[Captioned web images]
:::

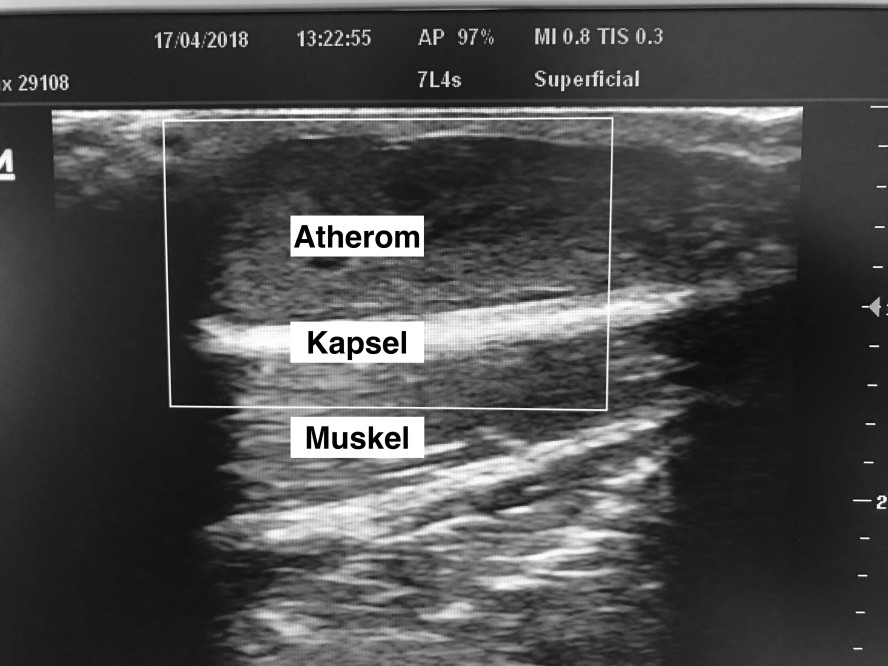 Ultraschallbild eines Atheroms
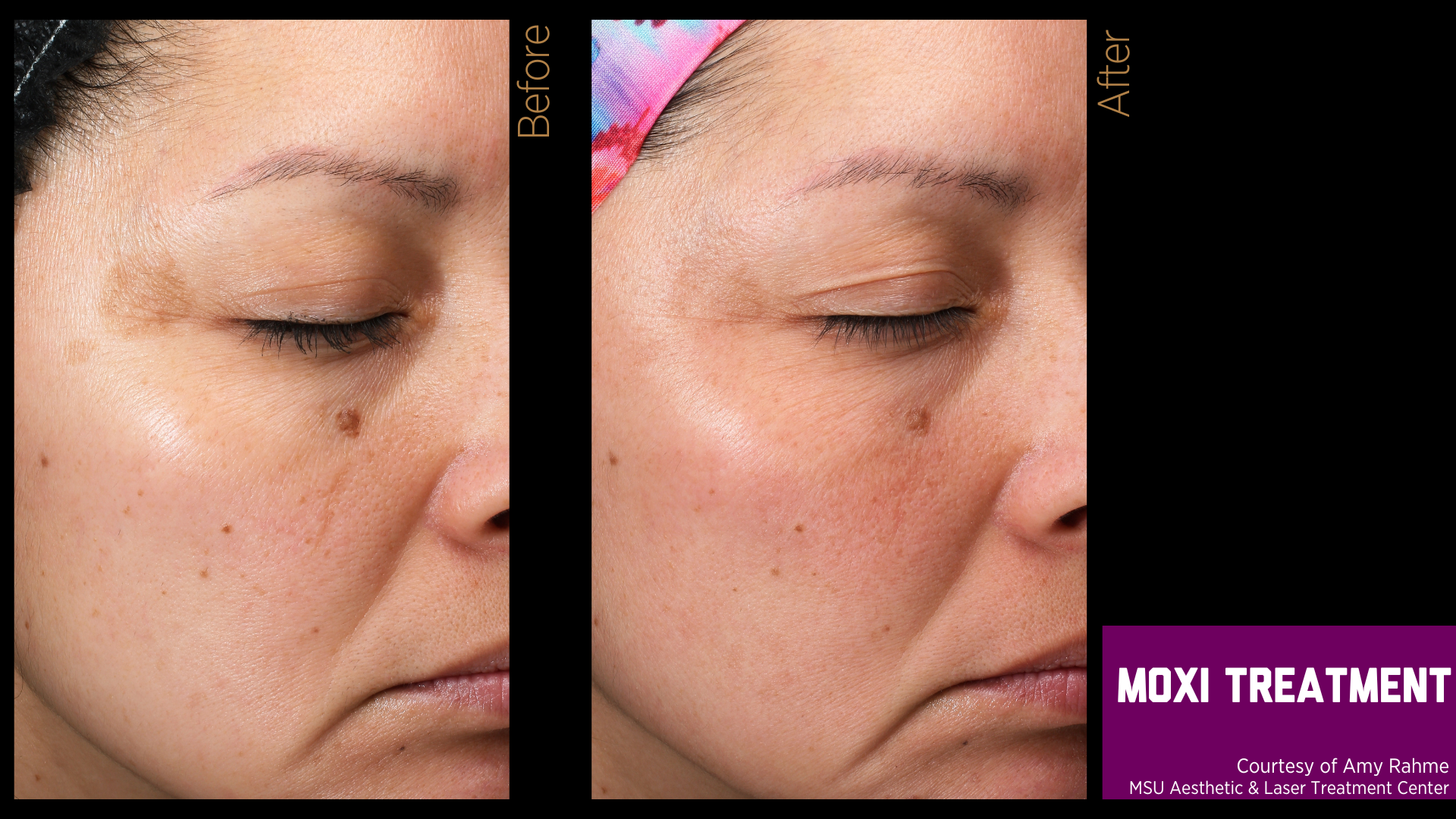 before and after treatment photos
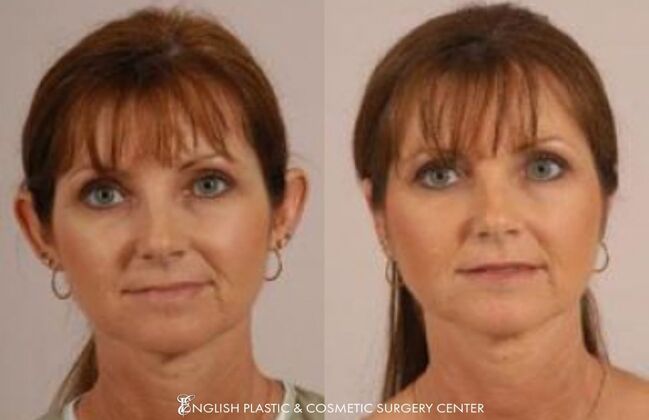 Ear Surgery (Otoplasty): Case 2 - Before & After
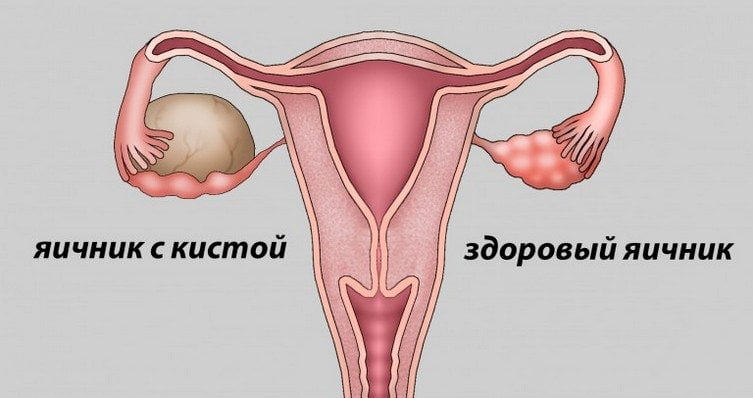 Здоровый яичник и яичник с кистой Киста яичника
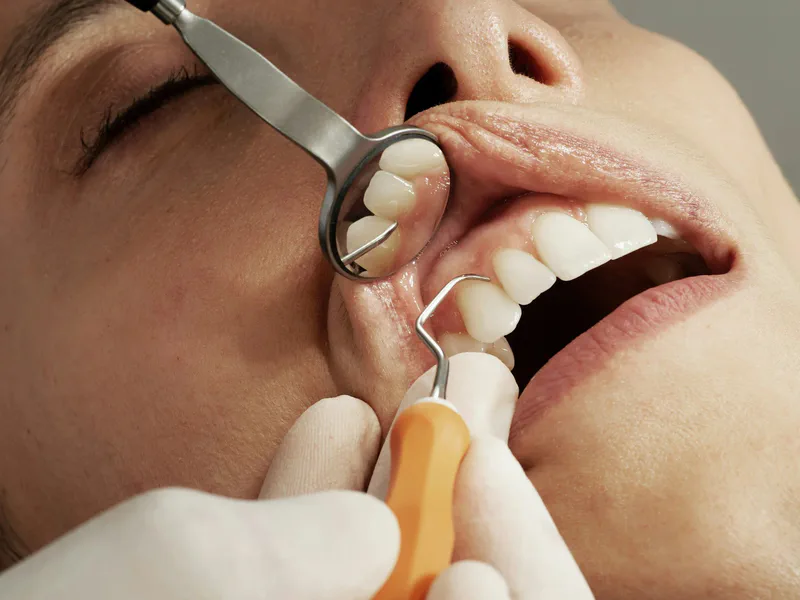 Gum Disease Treatment at Happy Tooth Kurri Kurri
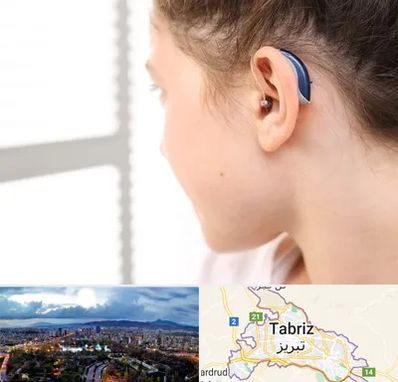 تجویز سمعک در تبریز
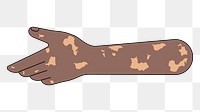 PNG Reaching vitiligo hand, gesture illustration, transparent background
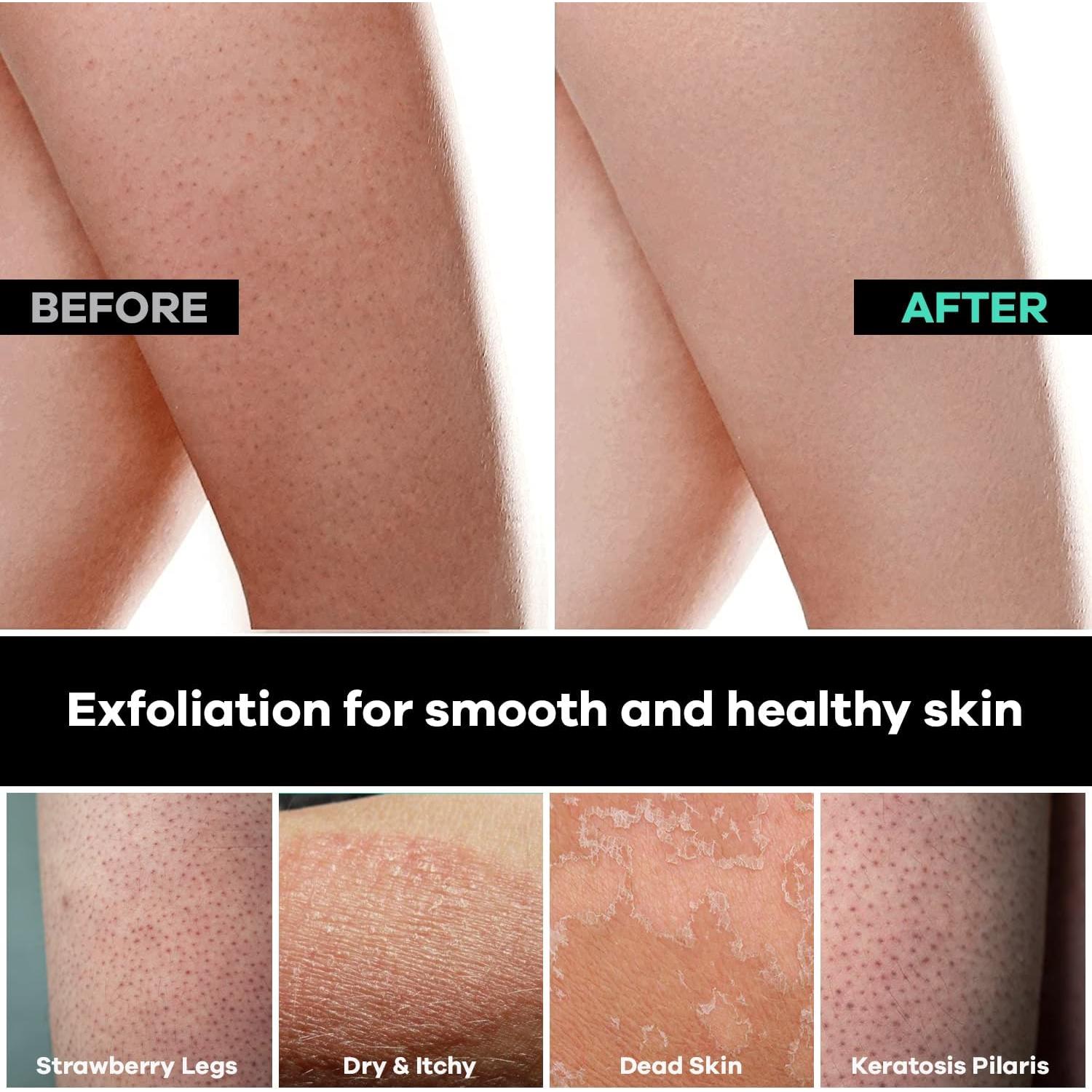 Conjunto Exfoliante Corporal Dermasuri - Mitón y Cepillo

:::

-- DIRECTIONS FOR THIS TASK --
After dropping every picture, transcribe each entry exactly.

-- SOLUTION --
 Ultraschallbild eines Atheroms
 before and after treatment photos
 Ear Surgery (Otoplasty): Case 2 - Before & After
 Здоровый яичник и яичник с кистой Киста яичника
 Gum Disease Treatment at Happy Tooth Kurri Kurri
 تجویز سمعک در تبریز
 PNG Reaching vitiligo hand, gesture illustration, transparent background
 Conjunto Exfoliante Corporal Dermasuri - Mitón y Cepillo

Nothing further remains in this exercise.